>>>

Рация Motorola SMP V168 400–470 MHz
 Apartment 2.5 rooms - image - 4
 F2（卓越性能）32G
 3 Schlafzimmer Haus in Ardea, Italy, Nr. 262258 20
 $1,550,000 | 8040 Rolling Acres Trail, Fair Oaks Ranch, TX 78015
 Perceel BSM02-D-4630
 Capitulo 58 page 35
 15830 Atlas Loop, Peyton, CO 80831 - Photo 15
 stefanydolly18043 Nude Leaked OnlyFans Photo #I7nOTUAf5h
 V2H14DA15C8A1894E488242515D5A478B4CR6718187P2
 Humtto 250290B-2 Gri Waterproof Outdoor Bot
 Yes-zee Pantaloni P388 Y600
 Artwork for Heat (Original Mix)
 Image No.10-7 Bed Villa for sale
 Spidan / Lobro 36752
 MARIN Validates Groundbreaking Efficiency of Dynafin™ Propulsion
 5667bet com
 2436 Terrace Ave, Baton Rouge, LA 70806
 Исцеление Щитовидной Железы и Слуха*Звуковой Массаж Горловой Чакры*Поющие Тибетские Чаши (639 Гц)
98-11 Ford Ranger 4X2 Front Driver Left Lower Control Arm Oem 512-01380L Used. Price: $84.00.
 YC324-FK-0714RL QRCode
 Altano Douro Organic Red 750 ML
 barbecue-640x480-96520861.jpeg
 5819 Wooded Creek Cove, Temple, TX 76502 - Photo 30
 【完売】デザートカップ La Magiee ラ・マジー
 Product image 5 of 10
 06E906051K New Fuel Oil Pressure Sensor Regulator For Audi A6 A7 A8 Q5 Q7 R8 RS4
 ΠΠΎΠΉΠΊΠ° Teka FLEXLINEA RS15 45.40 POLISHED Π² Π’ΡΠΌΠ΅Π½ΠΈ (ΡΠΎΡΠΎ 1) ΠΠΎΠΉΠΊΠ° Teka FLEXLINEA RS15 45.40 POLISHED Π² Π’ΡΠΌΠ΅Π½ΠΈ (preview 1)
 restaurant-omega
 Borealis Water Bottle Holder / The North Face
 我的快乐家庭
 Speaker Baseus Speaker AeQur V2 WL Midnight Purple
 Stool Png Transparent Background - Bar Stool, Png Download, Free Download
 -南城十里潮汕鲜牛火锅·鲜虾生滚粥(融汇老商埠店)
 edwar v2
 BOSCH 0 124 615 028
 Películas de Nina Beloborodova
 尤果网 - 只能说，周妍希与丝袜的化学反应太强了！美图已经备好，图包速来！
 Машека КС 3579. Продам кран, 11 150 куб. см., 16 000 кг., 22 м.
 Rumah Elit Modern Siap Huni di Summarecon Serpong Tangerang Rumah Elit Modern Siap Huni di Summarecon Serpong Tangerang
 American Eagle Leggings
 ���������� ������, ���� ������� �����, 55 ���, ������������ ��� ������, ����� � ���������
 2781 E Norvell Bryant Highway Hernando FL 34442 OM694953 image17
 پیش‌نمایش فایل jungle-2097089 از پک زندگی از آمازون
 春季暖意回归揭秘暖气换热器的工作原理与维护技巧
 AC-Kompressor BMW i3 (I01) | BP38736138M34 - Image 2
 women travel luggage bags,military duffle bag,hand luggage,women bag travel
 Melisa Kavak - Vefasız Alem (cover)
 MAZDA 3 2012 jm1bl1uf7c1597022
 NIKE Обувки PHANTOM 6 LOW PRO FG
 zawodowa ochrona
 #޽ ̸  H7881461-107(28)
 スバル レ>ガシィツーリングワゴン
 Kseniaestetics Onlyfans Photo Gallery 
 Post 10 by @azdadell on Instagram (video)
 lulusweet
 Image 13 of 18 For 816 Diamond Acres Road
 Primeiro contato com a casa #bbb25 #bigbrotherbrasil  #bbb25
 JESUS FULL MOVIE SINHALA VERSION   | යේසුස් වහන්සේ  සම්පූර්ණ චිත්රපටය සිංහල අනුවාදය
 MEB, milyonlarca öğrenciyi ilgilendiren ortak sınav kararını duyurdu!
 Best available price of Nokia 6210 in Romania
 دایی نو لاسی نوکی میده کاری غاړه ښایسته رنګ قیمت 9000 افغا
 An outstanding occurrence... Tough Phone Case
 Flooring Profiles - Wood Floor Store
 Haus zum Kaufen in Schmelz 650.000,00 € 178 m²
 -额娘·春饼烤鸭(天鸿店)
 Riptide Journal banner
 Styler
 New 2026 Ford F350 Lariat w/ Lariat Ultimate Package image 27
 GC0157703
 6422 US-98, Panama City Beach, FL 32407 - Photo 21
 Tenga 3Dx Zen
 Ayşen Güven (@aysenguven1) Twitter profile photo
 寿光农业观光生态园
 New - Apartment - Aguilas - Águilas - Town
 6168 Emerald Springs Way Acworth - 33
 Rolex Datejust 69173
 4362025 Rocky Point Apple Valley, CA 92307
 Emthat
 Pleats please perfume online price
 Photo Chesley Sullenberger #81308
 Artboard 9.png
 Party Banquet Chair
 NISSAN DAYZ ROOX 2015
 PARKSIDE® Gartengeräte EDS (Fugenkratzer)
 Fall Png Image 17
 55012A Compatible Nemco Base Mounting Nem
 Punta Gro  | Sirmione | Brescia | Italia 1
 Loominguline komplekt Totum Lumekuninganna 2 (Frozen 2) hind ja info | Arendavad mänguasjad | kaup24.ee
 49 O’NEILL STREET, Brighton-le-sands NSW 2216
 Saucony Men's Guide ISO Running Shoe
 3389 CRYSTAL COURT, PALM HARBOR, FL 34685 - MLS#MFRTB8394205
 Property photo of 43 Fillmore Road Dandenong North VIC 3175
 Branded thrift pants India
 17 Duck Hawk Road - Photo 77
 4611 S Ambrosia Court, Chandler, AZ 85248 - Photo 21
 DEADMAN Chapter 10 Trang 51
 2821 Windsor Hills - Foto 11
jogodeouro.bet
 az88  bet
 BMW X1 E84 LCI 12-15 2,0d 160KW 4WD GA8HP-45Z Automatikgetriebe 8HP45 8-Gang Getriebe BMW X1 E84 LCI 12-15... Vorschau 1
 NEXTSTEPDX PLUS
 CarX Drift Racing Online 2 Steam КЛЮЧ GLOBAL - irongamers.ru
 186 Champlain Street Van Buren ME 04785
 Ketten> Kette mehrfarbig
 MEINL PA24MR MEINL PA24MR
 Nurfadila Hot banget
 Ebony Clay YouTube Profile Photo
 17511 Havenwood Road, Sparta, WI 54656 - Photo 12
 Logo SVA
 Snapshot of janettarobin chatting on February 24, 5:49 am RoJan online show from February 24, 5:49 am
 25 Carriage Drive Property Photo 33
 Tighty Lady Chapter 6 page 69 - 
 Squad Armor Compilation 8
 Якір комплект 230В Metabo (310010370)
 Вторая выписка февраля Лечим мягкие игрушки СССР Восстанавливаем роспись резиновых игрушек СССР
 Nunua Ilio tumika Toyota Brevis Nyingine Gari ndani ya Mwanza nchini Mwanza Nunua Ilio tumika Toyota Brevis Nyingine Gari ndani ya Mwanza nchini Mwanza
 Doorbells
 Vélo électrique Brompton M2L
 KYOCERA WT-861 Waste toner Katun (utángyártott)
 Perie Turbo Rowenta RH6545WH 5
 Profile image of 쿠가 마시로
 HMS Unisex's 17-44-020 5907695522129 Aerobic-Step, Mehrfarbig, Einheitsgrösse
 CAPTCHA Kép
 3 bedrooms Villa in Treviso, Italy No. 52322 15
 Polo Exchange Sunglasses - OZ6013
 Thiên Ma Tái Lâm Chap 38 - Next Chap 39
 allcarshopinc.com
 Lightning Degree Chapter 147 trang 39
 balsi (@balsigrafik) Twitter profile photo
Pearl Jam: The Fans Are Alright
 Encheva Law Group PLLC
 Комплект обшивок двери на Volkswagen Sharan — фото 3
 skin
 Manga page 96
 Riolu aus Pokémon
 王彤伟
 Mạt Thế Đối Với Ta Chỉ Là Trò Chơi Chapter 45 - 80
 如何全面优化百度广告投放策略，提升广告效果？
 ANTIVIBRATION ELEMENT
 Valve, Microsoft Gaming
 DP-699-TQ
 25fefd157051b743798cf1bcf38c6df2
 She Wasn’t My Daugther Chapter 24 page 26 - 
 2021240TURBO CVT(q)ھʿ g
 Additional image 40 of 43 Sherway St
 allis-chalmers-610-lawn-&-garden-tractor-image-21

<<<

## What you should do
In the material above, find the line containing "women travel luggage" and the line containing "Tenga 3Dx Zen", then write out exactly those two lines and every line between them, and nothing more.

## Solution to this exercise
 women travel luggage bags,military duffle bag,hand luggage,women bag travel
 Melisa Kavak - Vefasız Alem (cover)
 MAZDA 3 2012 jm1bl1uf7c1597022
 NIKE Обувки PHANTOM 6 LOW PRO FG
 zawodowa ochrona
 #޽ ̸  H7881461-107(28)
 スバル レ>ガシィツーリングワゴン
 Kseniaestetics Onlyfans Photo Gallery 
 Post 10 by @azdadell on Instagram (video)
 lulusweet
 Image 13 of 18 For 816 Diamond Acres Road
 Primeiro contato com a casa #bbb25 #bigbrotherbrasil  #bbb25
 JESUS FULL MOVIE SINHALA VERSION   | යේසුස් වහන්සේ  සම්පූර්ණ චිත්රපටය සිංහල අනුවාදය
 MEB, milyonlarca öğrenciyi ilgilendiren ortak sınav kararını duyurdu!
 Best available price of Nokia 6210 in Romania
 دایی نو لاسی نوکی میده کاری غاړه ښایسته رنګ قیمت 9000 افغا
 An outstanding occurrence... Tough Phone Case
 Flooring Profiles - Wood Floor Store
 Haus zum Kaufen in Schmelz 650.000,00 € 178 m²
 -额娘·春饼烤鸭(天鸿店)
 Riptide Journal banner
 Styler
 New 2026 Ford F350 Lariat w/ Lariat Ultimate Package image 27
 GC0157703
 6422 US-98, Panama City Beach, FL 32407 - Photo 21
 Tenga 3Dx Zen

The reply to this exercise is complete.